Mario Joseph, who has been referred to as “Haiti’s most prominent human rights lawyer”, has led the Bureau des Avocats Internationaux (BAI) in Port-au-Prince, Haiti since 1996. During more than 20 years of human rights work, Mario has spearheaded historic human rights cases, including the Raboteau Massacre trial in 2000, hailed as one of the most important human rights cases ever in the Western Hemisphere, and Yvon Neptune v. Haiti, the first Haiti case ever decided by the Inter-American Court of Human Rights. The Raboteau prosecution and the BAI’s cooperation with U.S. immigration officials led to the deportation of three former Haitian Generals, including the highest-ranked officer ever deported from the U.S. on human right grounds.
Mario grew up poor in rural Haiti- his house had no electricity, the water came from an irrigation ditch that is now infected with cholera. He learned first-hand how the inability to enforce fundamental political, civil, economic and social rights condemns poor people to generations of poverty.
Mario Joseph talking with prisoners in Port-au-Prince, Haiti.

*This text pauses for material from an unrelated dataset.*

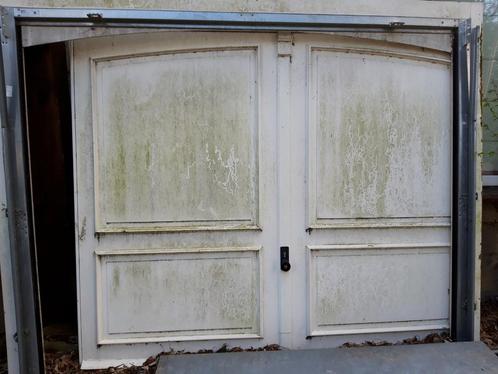porte de garage en bois peint Hormann, Bricolage & Construction, Châssis & Portes coulissantes, Utilisé, Bois, Enlèvement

Once he was able to obtain a legal education, through hard work, sacrifice, and good fortune, Mario resolved to put his new privileges at the service of his country’s poor, to help them enforce the rights they need to climb out of poverty.
In November 2011, the BAI filed claims with the United Nations on behalf of 5,000 victims of the cholera brought to Haiti by UN peacekeepers. The BAI also represents eight victims of former Haitian dictator Jean- Claude “Baby Doc” Duvalier. Most recently, Mario and his team represented rape victims in seven successful trials in 2012, which demonstrated that the justice system can be compelled to respond fairly and competently to rapes against poor women.
Mario Joseph in a meeting with his team of lawyers the offices of the Institute for Justice & Democracy in Haiti in Port-au-Prince.
Mario pursues his fight for justice despite great risks. Threats against his life and government intimidation have led the Inter-American Commission on Human Rights to issue a Precautionary Measures order for his protection in 2012, and Amnesty International to issue urgent action alerts for him in 2004 and 2012. Bullets have passed through the BAI’s office and its vehicles.
Mario’s approach is highly collaborative. In Haiti, he works closely with dozens of grassroots groups, providing organizational support along with legal representation.
Outside of Haiti, he collaborates with Amnesty International and Human Rights Watch on broader advocacy initiatives, especially regarding the Duvalier prosecution. The BAI’s legal training program is developing a generation of skilled, motivated human rights lawyers.
BAI alumni are working as judges, prosecutors and human rights lawyers throughout Haiti and in NGOs, academia, government service and international tribunals abroad.